Wednesday, September 30, 2020

黒ずむ、なずむ、はずむ -拡散と波動


<xx む>動詞をしつこく調べているうちに大発見をしたので、忘れないうちにまとめておく。<xxずむ>動詞に大和言葉にかくれた秘密があるようなのだ。まずは<xずむ>、<xxずむ>の語を調べておく。


くろ(黒)ずむ
(かすむ、くすむ)
しずむ
すずむ    <すずむ>は形容詞<すずし>関連語だろう。
たたずむ     立ち+ずむ(すむ)
なずむ
はずむ
ひずむ

<ずむ>は単独では意味をなさないが<すむ>は

住む
澄む
済む

がある。こじつけ的だが

住む: 人が<落ちついて生活する>。 <たたずむ>の<ずむ>はこの<すむ>か?

澄む: <黒ずむ>の反対現象で<黒ずんだ水>が黒が抜けて澄んだ水になる。<すむ>に濁点(濁り)がついて<ずむ>。これは偶然の一致だろうか。

済む: すべきことがなされる。成就。

以上のうち<しずむ>、<ひずむ>もおもしろいが、<黒ずむ>、<なずむ>、<はずむ>を中心に話を進める。すでに発見者がいるかもしれないので語源をネットでチェックしておく。

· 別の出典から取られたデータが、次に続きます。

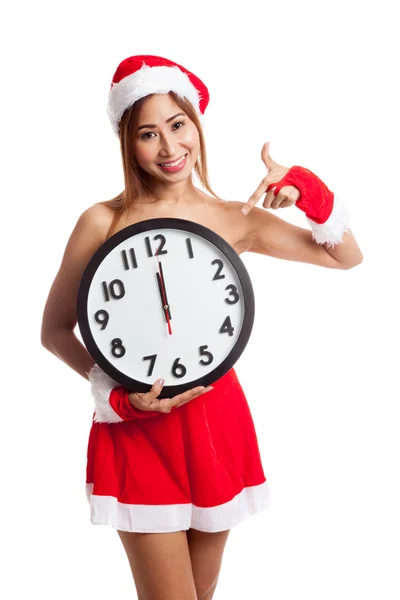 Asiático Navidad chica en santa claus ropa y reloj en midnigh —  Fotos de Stock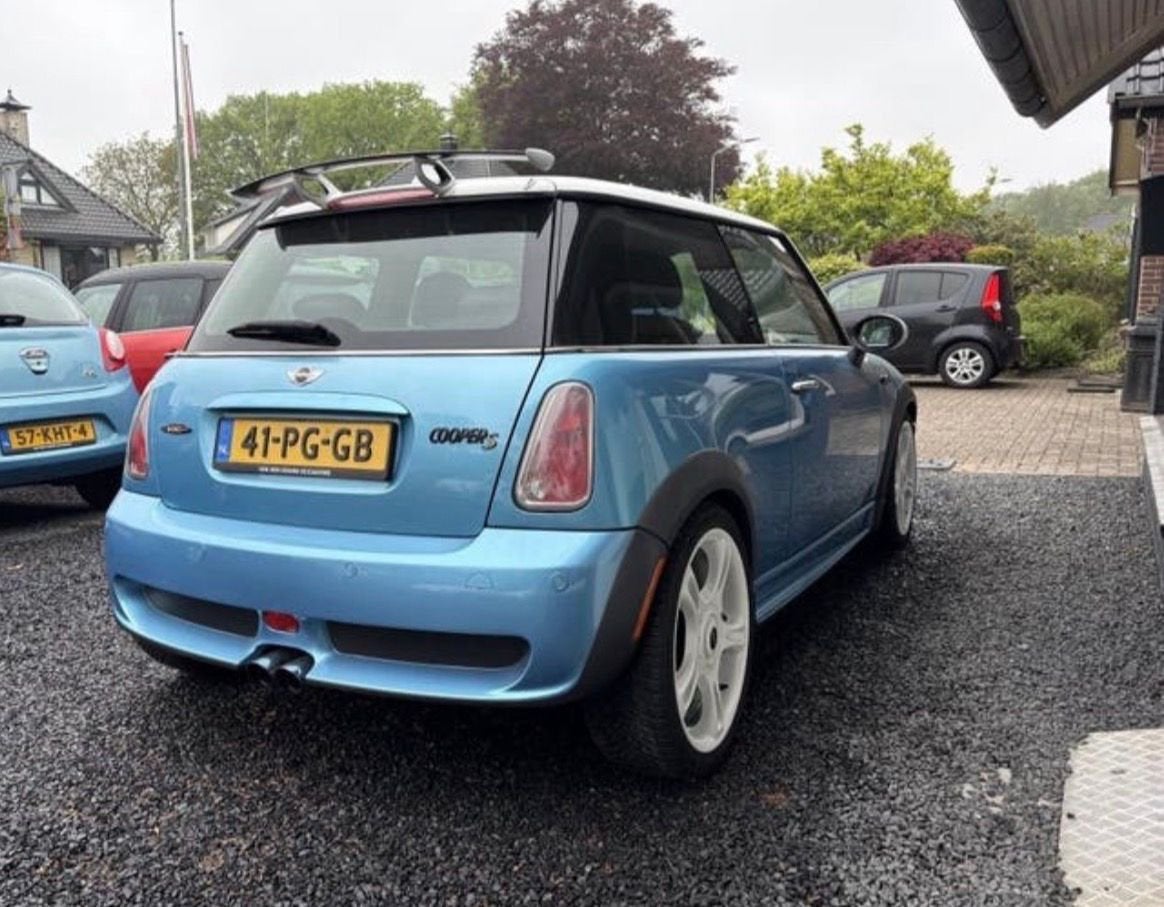 Mini 1.6 16V Cooper S JCW 211pk 2002 Blauw, Auto's, Voorwielaandrijving, Zwart, 4 cilinders, Leder en Stof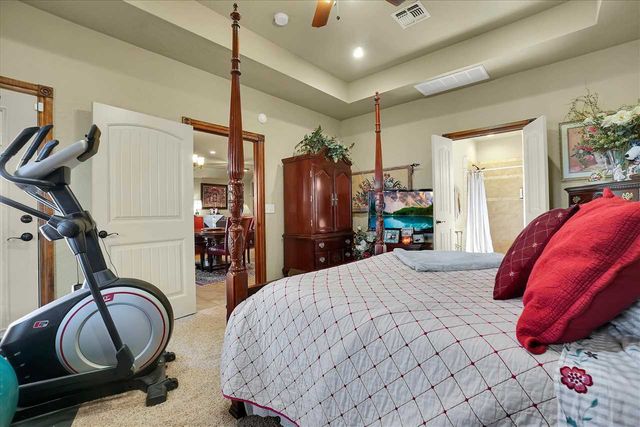 6125 SW 112th St, Lawton, OK 73505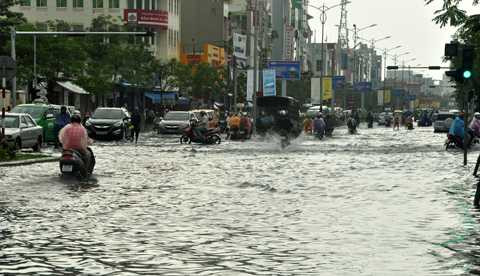 Đà Nẵng, ngập nước, mưa lớn, lội bì bõm, chìm trong nước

https://www.weblio.jp/content

三省堂 大辞林 第三版

1)黒ずむ 

くろ ず・む, 黒ずむ】

黒っぽくなる。黒い色を帯びる。 「すすで天井が-・む」 「 - ・んだ顔」

「黒ずむ」に似た言葉

類語 :くすむ、黒む、黒める、黒ばむ

” 

類語に :<黒める>があるが、<黒ずむ>は自動詞 <黒める>は他動詞。<黒まる>ならいい。

黒っぽくなる。

黒い色を帯びる。時間の経過を考慮すると ->黒い色を帯びてくる。

類語では、くすむ、黒(くろ)む、黒ばむ、はみな<xx む>動詞だ。<くすむ>が

く+すむ

であるとこのポストでは関係があることになる。似たような語に

くすぶる、かすむ

があるので< く+すむ  > は考えにくい。もとに戻って

黒っぽくなる。黒い色を帯びてくる。

は始めは黒くなかったものが時間の経過とともに<黒っぽくなる、黒い色を帯びてくる>で黒い色の時系列変化ととらえることができる。<黒ずむ>は大体長い時間がかかることが想像されるが、短時間で視覚的にとらえようとすると

水がはいった容器に墨(汁)をたらし、墨が時間の経過ともに水に混ざって薄まりながら広がっていくことに似ている。これは溶解というようだが、やまとことばでは<(とけ)混ざり広がり>がよさそう。英語では

diffusion (動詞は to diffuse

という。 <(墨の水との)(とけ)混ざり広がり>をもう少し詳しく表現すると

墨の濃度が時間の経過とともに四方八方(たて、よこ、ななめ、正確には3Dなので、<上下に>を含む)に薄れていく現象で、やや高等数学になるが diffusion の方程式あるいは等式がある。 正確な用語は拡散方程式 (Wiki)。 (注)。末尾の(注)で解説する。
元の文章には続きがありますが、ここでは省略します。